- **Exercise objective**: Omit any picture, and return the remaining data exactly as written.

- **Data below**:
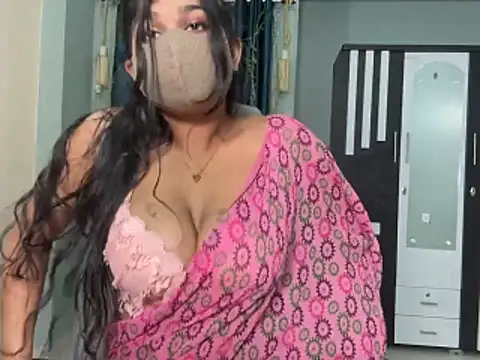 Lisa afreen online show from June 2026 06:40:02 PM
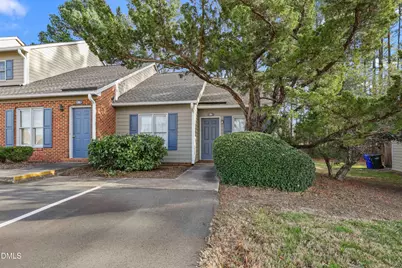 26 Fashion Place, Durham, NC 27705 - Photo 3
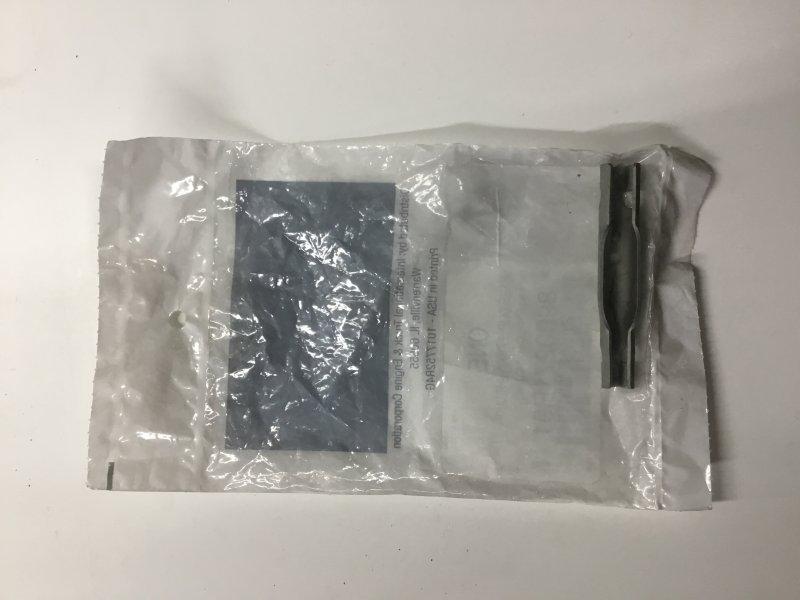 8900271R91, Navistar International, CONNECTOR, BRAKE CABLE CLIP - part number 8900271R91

- **Answer to this exercise**:
 Lisa afreen online show from June 2026 06:40:02 PM
 26 Fashion Place, Durham, NC 27705 - Photo 3
 8900271R91, Navistar International, CONNECTOR, BRAKE CABLE CLIP - part number 8900271R91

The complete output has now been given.